Lessons Learned after Surviving the Teen Months (13-19 months)

  • The nose is just one more orifice to explore; think of it as pointing to their brains.
  • If the circle block goes through the hole, why not the crayons? If the square block goes into the square hole, why not the remote control?
  • “Bye-bye” or “uh-oh” said while they are in the bathroom is a call them out to play elsewhere. When said in conjunction with a toilet flush, call the plumber.
  • When you are playing with the phone is exactly the time to start playing with it too.
  • If it moves, it may be food. If food doesn’t move, it’s fun to move and play with.
  • They don’t know what stingers look like. Until they know it is dangerous, it is just another part of the bug to touch. If it does sting, they probably won’t remember the danger after a week.
  • You will have the poison control number memorized before they are two years old. For precocious and adventurous toddlers, you’ll have it memorized by age 18 months.
  • It is time to get a toddler bed when you catch them trying to climb out.

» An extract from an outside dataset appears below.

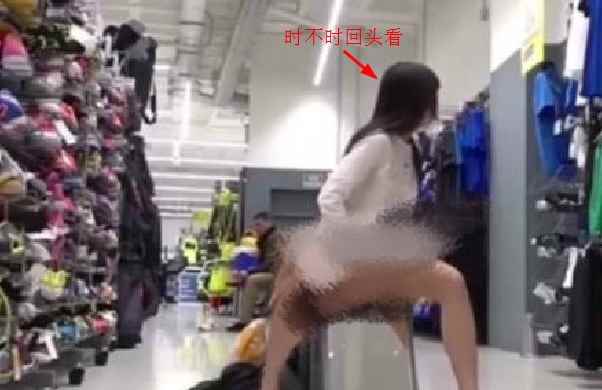 抖音迪卡侬潮喷门视频是什么[多图]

  • It is time to break out the toddler bed when you find them practicing the teenager sneaking out of the house routine.
  • If you teach them they don’t get out of the high chair before all the food is eaten, they have learned another reason to throw all the food on the floor.
  • The reason 9 and 1 are in 911 is to minimize the number of times your child could accidentally dial it when smashing a hand on the keypad.
  • Remove all long distance numbers off your speed dial before they can reach the phone. (Ours ended up calling Nana long distance a few times, leaving amusing messages in the process.)
  • When someone asks about the funny baby babble message you left them, check your phone log before dismissing their claims.
  • They will discover the toilet before they discover the advantages of toilet training.
  • All old ladies are grandmas until proven otherwise
  • If you dance in the driver’s seat, they will dance in the car seat
  • When you clap when they put trash in the trashcan, their cup and your calendar are next to go.
  • If they can climb out of their crib, the baby gate is next.
  • You spend so much time looking down their diaper, why shouldn’t they?
  • When they learn the joys of closing doors, carry your keys with you when you step outside.
  • “Playmate detection” is always on. If there is someone their size within visual range, they will be spotted.
  • If the child gets bored with a repetitive game before the parent does, they are probably sleepy.
  • The longer a parent works on something, the greater attraction it holds. Corollary: if you don’t want your child to start taking apart child proofing as soon as you install it, only install it when they are asleep.
  • Just because it looks like a stuffed animal does not mean your child will like the neighbor’s dog. Conversely, the child may assume an agitated animal is a playmate because it looks like a stuffed animal. Your child doesn’t know which is which that until they are scratched / bit / knocked over.